A designer named Chris Costello created the Papyrus font in 1982. Like all typefaces back then, it was made by hand. He said his aim was to create what English language texts may have looked like if they were written 2,000 years ago. 

In an interview 25 years later, Costello admitted that Papyrus is a bit overused. 

You can find evidence of Papyrus use going way back to the beginning, but The Organic Food Movement, The Green Movement, The My Pet Can Eat Organic Too Movement, all of these recent Movements have collided to form what a meteorologist might call a Perfect Storm of Papyrus usage. 

This wall features a rare hand-painted Papyrus knock-off. 

Wanna know what the Event Tonight is? I don't think you want to know what the Event Tonight is. 

Scoff all you want but stuff from 1982 is vintage. That's a year before Return of the Jedi and last I checked, my Admiral Ackbar wasn't going down in value, dig? 

Here's how a friend described LA to me. "Everyone is hanging out in bookstores or driving their Priuses and VW's and they all claim to be on some mystic journey." Then I got off the plane and saw this and immediately texted William Shatner and said "I just you'd in my pants." 

Also, PAPYRUS.

Et tu, Hellboy?

Don't hate, James Cameron is passing the savings on to you. Keeping in mind that you can buy the Papyrus Font Family for $39.95, Avatar's $300 million budget had just enough left over for Na'vi Warrior #19 to have an extra motion capture ball on the second knuckle of his right index finger. All for you.

Yeah, it's literally everywhere. Fuck. Good thing I have all these stupid photos. I hate myself. Don't say Papyrus around me because I'll take an iPhone pic of your mouth. Don't eat papayas either because I'll take an iPhone pic of your mouth.
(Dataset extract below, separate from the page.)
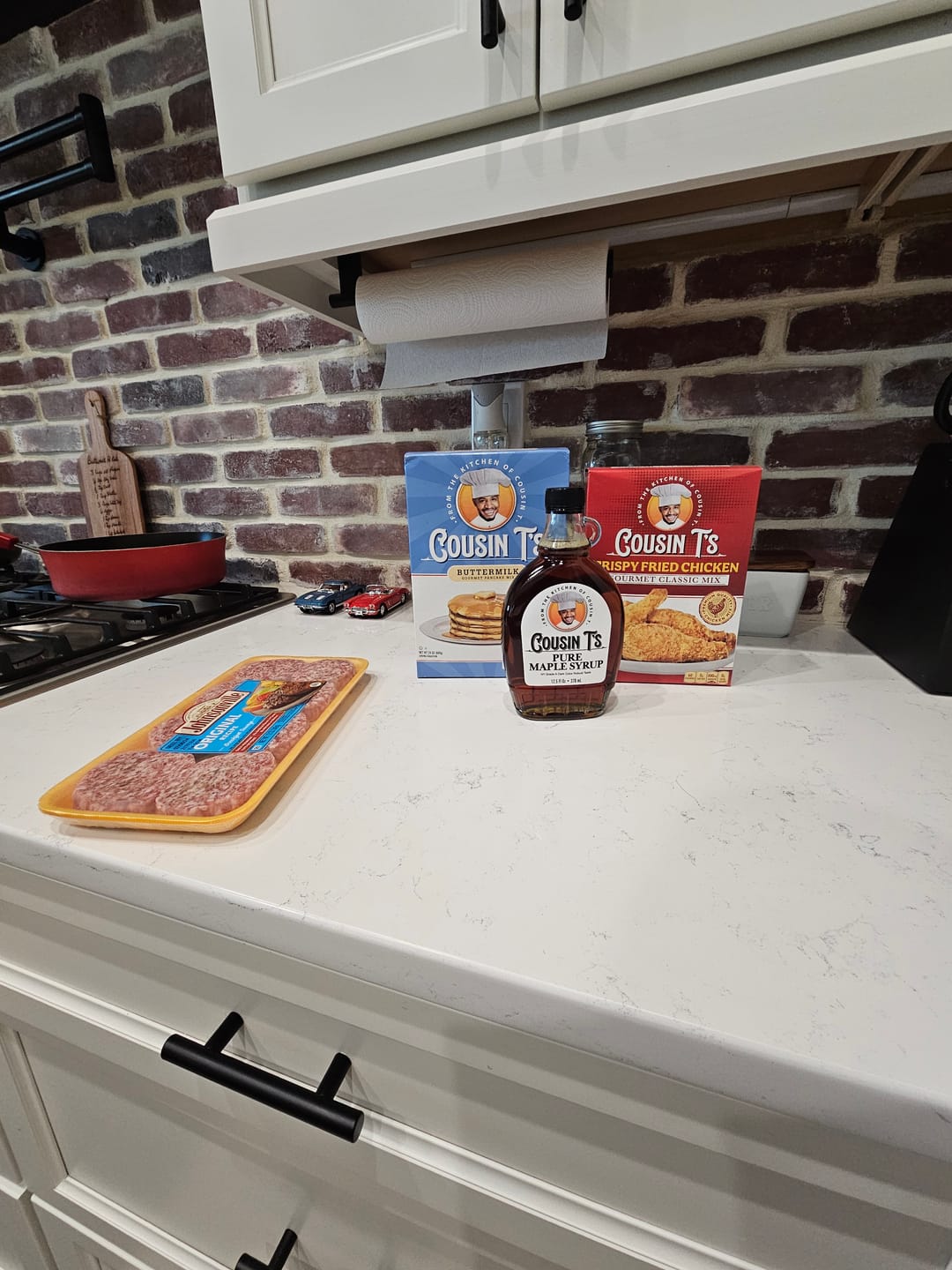 Customer photo review of Cousin T's Maple Syrup & Pancake Mix Bundle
This is my curse.

Do you think Lamb of God knows?

There's no way, right? 

To make my collection seem even more insignificant, as soon as I started researching Papyrus, I found this

No Papyrus here - somewhat surprisingly - but I wanted you to check out Jeremy Sisto for a minute. Nice work, Sist! J-Si playing JC! Listen Jeremy, you don't know this but I dog-sat your dog once. I re-named her Pepperjack and called her that the whole day.